● **What you have to do**
Leaving the pictures aside, restate all of the data exactly.

● **Data extract**
------
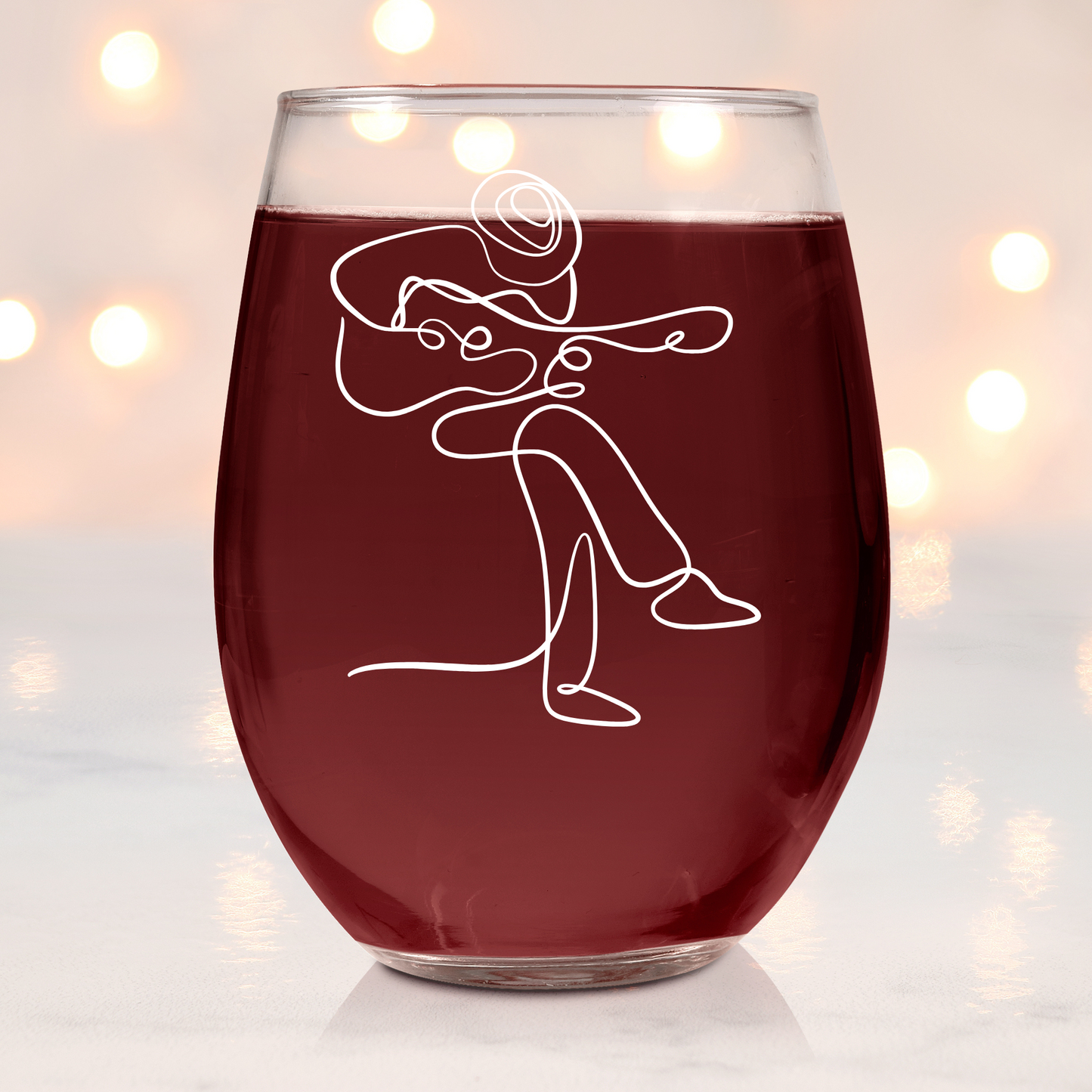 Blues man Stemless Wine Glass – Sandblasted Etched Tribute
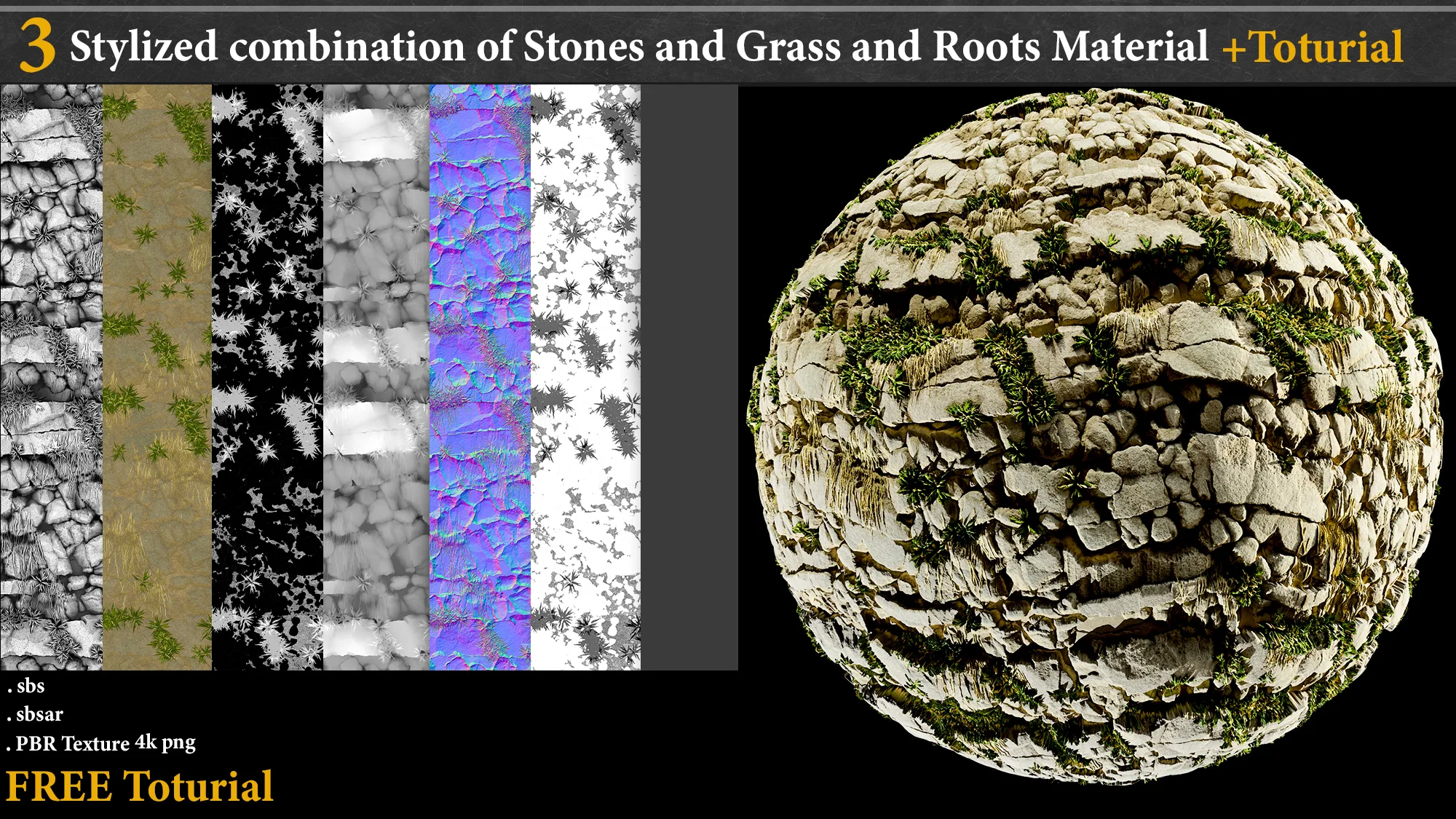 3 Stylized Combination of Stones and Grass and Roots Material _ Substance Designer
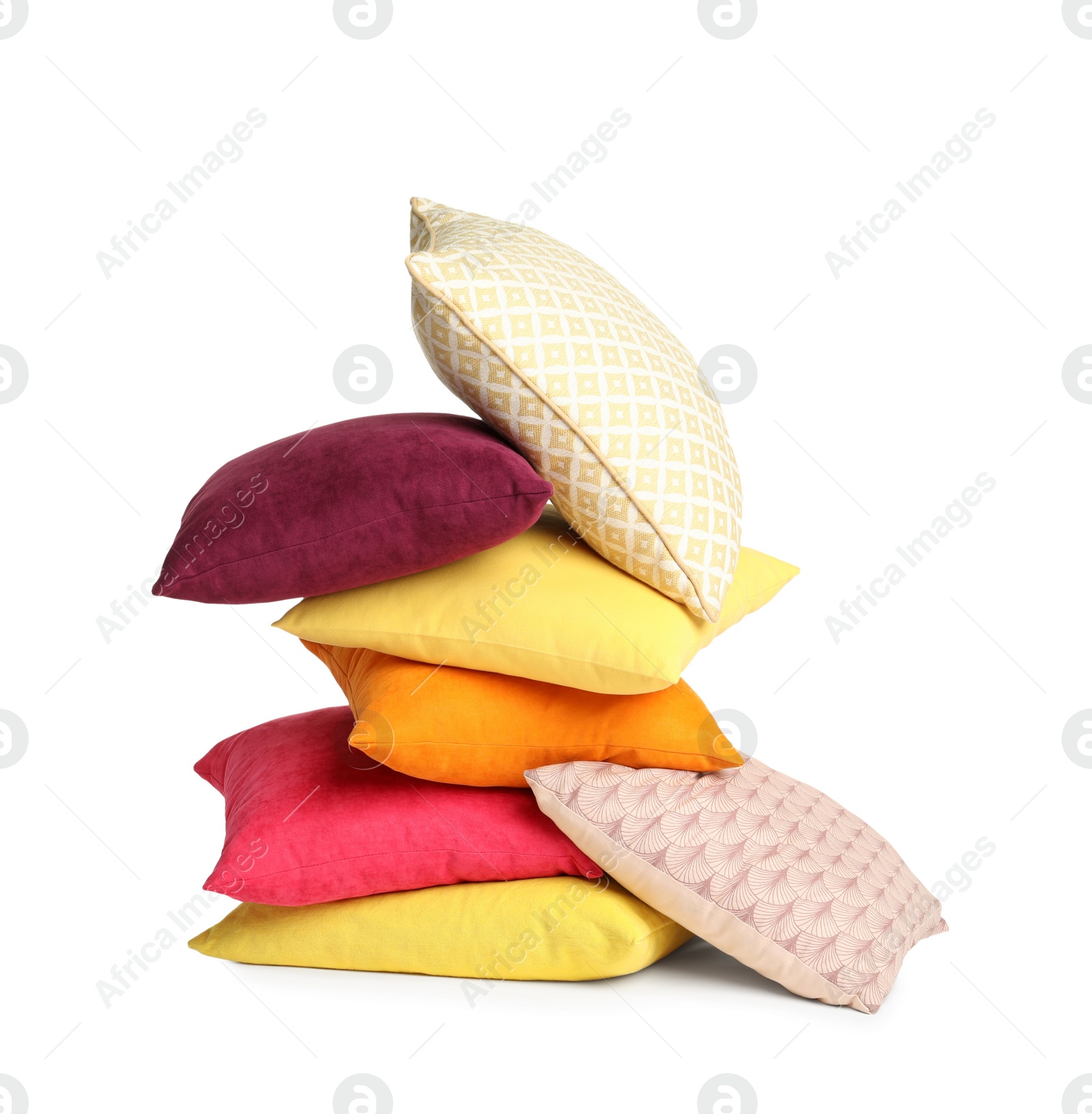 Photo of Different colorful decorative pillows on white background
------
● **Task output**
 Blues man Stemless Wine Glass – Sandblasted Etched Tribute
 3 Stylized Combination of Stones and Grass and Roots Material _ Substance Designer
 Photo of Different colorful decorative pillows on white background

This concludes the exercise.